RECORDS SUPPLIED:
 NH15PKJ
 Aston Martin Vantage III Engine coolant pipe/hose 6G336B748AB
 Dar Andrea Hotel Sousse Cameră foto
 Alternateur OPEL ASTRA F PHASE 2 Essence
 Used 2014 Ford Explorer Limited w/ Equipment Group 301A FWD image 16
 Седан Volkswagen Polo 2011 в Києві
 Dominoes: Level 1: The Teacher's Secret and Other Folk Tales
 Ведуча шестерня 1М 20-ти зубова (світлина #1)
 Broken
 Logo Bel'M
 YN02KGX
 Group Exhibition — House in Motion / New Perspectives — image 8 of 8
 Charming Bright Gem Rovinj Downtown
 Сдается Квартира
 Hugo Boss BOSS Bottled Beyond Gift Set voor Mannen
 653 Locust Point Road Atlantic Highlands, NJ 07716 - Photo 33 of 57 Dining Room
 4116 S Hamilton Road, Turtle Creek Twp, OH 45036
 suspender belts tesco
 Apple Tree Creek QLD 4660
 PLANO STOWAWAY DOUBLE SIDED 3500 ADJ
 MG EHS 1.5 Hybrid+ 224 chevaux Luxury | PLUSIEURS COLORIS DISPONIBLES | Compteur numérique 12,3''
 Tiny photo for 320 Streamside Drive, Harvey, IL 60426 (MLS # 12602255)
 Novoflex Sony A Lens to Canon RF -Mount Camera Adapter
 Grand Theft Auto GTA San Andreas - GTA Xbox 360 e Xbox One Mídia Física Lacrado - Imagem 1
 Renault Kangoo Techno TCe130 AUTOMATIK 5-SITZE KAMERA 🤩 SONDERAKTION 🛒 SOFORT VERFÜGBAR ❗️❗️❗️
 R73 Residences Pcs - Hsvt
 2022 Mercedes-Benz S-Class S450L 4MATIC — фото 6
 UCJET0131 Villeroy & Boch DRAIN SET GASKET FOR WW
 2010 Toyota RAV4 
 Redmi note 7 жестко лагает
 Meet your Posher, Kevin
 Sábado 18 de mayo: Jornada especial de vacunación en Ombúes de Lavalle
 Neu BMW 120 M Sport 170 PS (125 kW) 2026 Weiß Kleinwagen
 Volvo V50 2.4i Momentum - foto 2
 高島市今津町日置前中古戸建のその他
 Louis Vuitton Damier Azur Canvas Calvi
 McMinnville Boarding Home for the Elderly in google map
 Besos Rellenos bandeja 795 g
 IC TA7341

PROMPT:
Retype the entries above exactly, but only from the line containing "Renault Kangoo Techno" through the line containing "高島市今津町日置前中古戸建のその他", both included.

RESPONSE BELOW:
 Renault Kangoo Techno TCe130 AUTOMATIK 5-SITZE KAMERA 🤩 SONDERAKTION 🛒 SOFORT VERFÜGBAR ❗️❗️❗️
 R73 Residences Pcs - Hsvt
 2022 Mercedes-Benz S-Class S450L 4MATIC — фото 6
 UCJET0131 Villeroy & Boch DRAIN SET GASKET FOR WW
 2010 Toyota RAV4 
 Redmi note 7 жестко лагает
 Meet your Posher, Kevin
 Sábado 18 de mayo: Jornada especial de vacunación en Ombúes de Lavalle
 Neu BMW 120 M Sport 170 PS (125 kW) 2026 Weiß Kleinwagen
 Volvo V50 2.4i Momentum - foto 2
 高島市今津町日置前中古戸建のその他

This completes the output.